Technology Industry layoffs 2022-2023
Not all of the tech industry has been exploiting SBC-adjusted underlying earnings. Some of the larger profitable tech companies such as Alphabet (Google)(5) and Meta (Facebook)(6) have long since moved away from an ‘underlying’ earnings measure that excludes SBC. They recognise that it is indeed a true cost of attracting and retaining staff and account for it as a proper expense.
Unfortunately many other large but still unprofitable tech companies continue to rely on SBC as an ‘underlying’ earnings adjustment to help hide the fact that their margins are miserable on a fully costed basis. The tables and charts below show some well-known names such as Adobe and DocuSign as the biggest serial users of SBC.
An Australian perspective on SBC
There is a considerable level of SBC usage in ASX listed companies outside of the technology industry. The table below lists some of the largest absolute dollar payers of SBC on the ASX for the year ended 31 December 2022.
Whilst there are some technology companies on the list (Life 360, Novonix and Iress) it also includes a number of other sectors including gambling companies (Betmakers, PointsBet, and Tabcorp), fund managers (Janus Henderson and Pendal) and retailers (Kogan and Lovisa).
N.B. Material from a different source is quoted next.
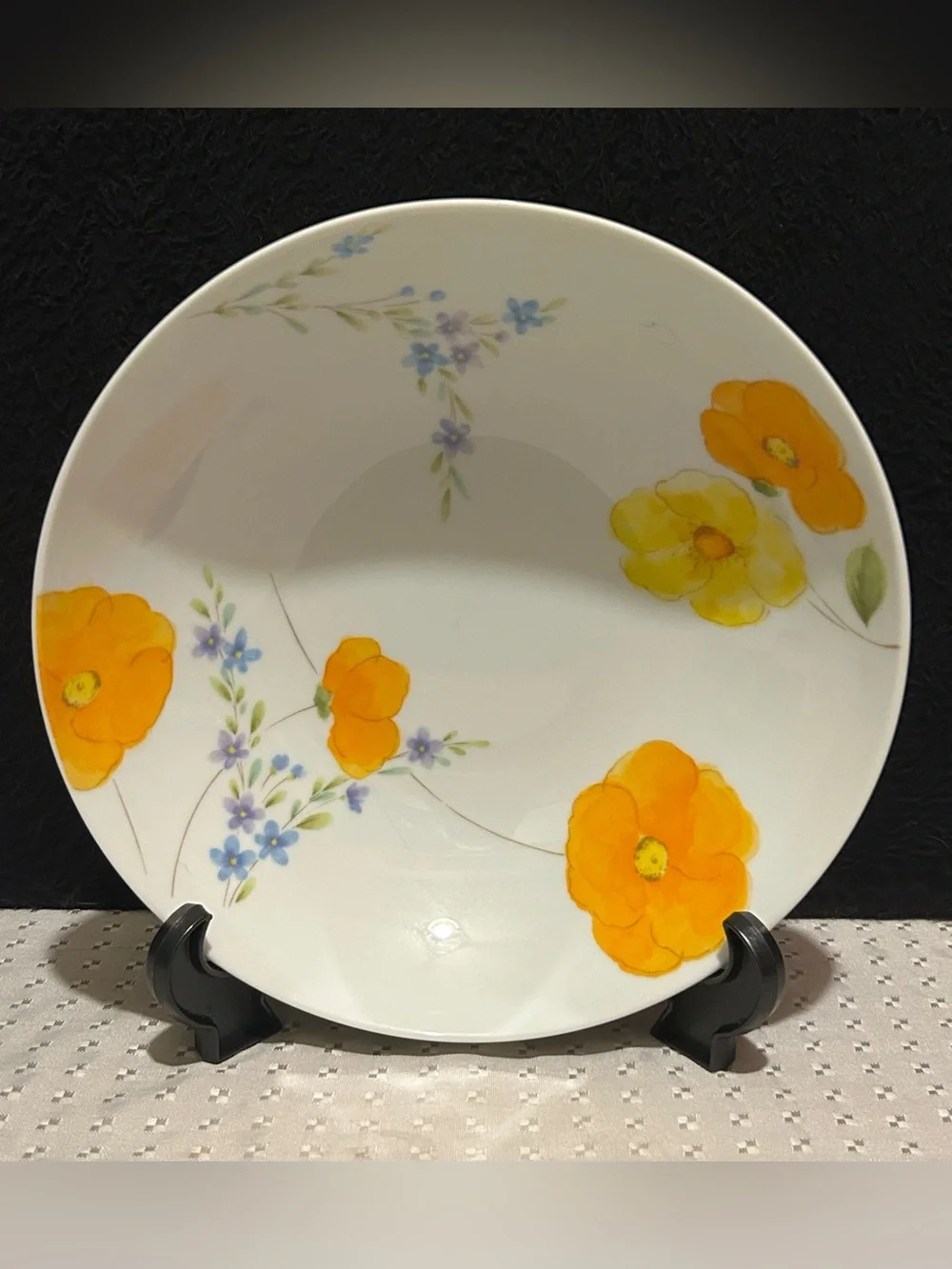 Mikasa Dancing Flowers Soup Bowl 7.625 Wide Bone China Made In Japan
Our portfolio has holdings in both Iress (ASX: IRE) and Life 360 (ASX: 360). Both companies are expected to be cashflow profitable for 2023 and onwards. Iress is currently undergoing a potential major transformation and refocus under a new CEO. This may see SBC come under greater scrutiny than it previously had under its prior tech-based CEO. As for Life 360, this is a US based global tech business and its large SBC is mainly due to consolidating its recent acquisition of Tile, the location devices business. We have conveyed our cautious views on SBC to the management and believe they are very focused on not growing SBC in absolute terms (i.e. declining as a % of future revenue). We are hopeful SBC will decline in absolute terms in future as profitability increases and employee expectation around remuneration change. Whilst the company will be profitable pre SBC in 2023, it plans to be profitably on a statutory basis (post SBC) from 2025 onwards.
Final thoughts
We may in the not-too-distant future see SBC returning to its origins of tech start-up land. It is here where the cost of equity dilution to investors is more than offset by the ‘blue sky’ value creation potential that a highly motivated and well-aligned small tech team can deliver.